A primeira, no dia 13, informa que já havia, contra ele, “sete manifestações sobre diversos assuntos, todas apuradas e provadas inconsistentes”. Em uma delas, destaca, “os apuradores [equipe da Superintendência enviada para apurar os fatos denunciados], à época, se acharam no direito de dar dicas, de modo invasivo, sobre como cuidar ‘melhor’ da minha aparência. Na oportunidade senti-me humilhado discriminado e com dúvida se teria sofrido ou não assédio moral”.
Em outra, ele conta ter sido acusado de fazer apologia às drogas junto aos estudantes e que até os mesmos “foram sabatinados”, mas que “novamente a verdade prevaleceu”.
Ao final, Kaique afirma que “as condutas descritas até aqui contemplam, infelizmente, atos previstos no nosso Código Penal, quais sejam: Perseguição (Art. 147), Denunciação Caluniosa (Art. 339), Calúnia (Art. 138), Difamação (Art. 139), Injúria (Art. 140) e Assédio Moral (Art. 203-A)” e que “os limites da dignidade e da lealdade foram transgredidos”, pedindo então para que o atendimento a tais denúncias fosse interrompido urgentemente, “pois está afetando minha saúde emocional e tornando o ambiente de trabalho insuportável”.
A Ouvidoria, ressaltou, “deve estar a serviço do bem comum e não pode ser desvirtuada para o cometimento de crimes por facínoras homiziados no anonimato”, sendo necessário identificar o autor das denúncias para pôr fim àquela situação.
No dia 2 de junho, ele complementa a manifestação na Ouvidoria e relata que no dia 31 de maio, “o alvo de apuração foi a coordenação da escola”. “O ambiente profissional está se deteriorando”, alerta, havendo “funcionário dizendo estar com medo de ir trabalhar.

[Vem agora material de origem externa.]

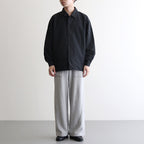 男性モデル(ハラ):172cm 58kg 着用サイズ：0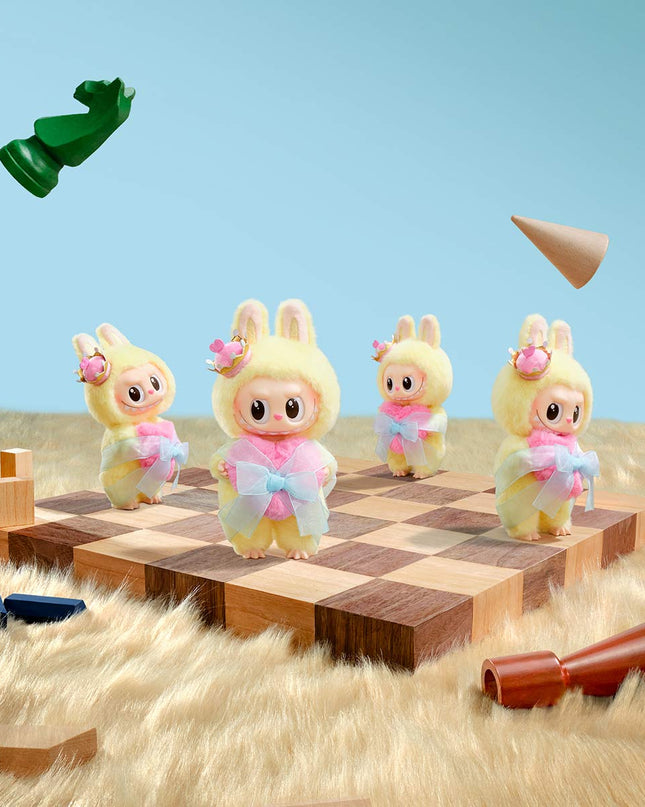 Pop Mart Labubu The Monsters Let's Checkmate Series Vinyl Plush Hanging Card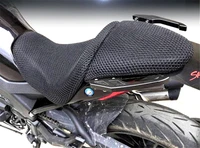 for benelli 752s 752 s 502c motorcycle seat cushion cover net 3d mesh protector insulation cushion cover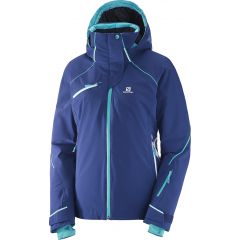 Kurtki Narciarskie Kurtka Salomon SPEED JKT W 397401 Salomon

Outros pediram aposentadoria pelo INSS para encurtar o caminho e sair da escola logo”. E pergunta: “até quando permitirão que a Ouvidoria seja utilizada como instrumento de tortura psicológica?”
No dia seguinte, a resposta da Secont foi no sentido de defender o anonimato dos denunciantes na Ouvidoria, citando as várias normativas legais que garantem essa situação, e de dizer que “o levantamento preliminar de informações que possam contribuir para a apuração dos fatos narrados em uma denúncia anônima é de responsabilidade do órgão competente, que neste caso é a Sedu”.
Um dos dispositivos citados, o artigo 248 da Lei Complementar 46/1994, contrapõe Kaique, “é categórico ao dizer que ‘as denúncias sobre irregularidades serão objeto de apuração’. (…) Contudo, o cabelo o calçado e a vida particular e lícita de um servidor não estão no rol de irregularidades que a lei visa apurar. (…) Será que meu cabelo é mais digno de apuração do que a minha dor?”.
Posição Sedu
Procurada por Século Diário, a Secretaria de Estado da Educação informou que “a seleção, nomeação, análise de desempenho e eventual dispensa da função de diretor escolar seguem critérios e procedimentos técnicos e profissionais, não apresentando qualquer correlação pessoal nesses processos”.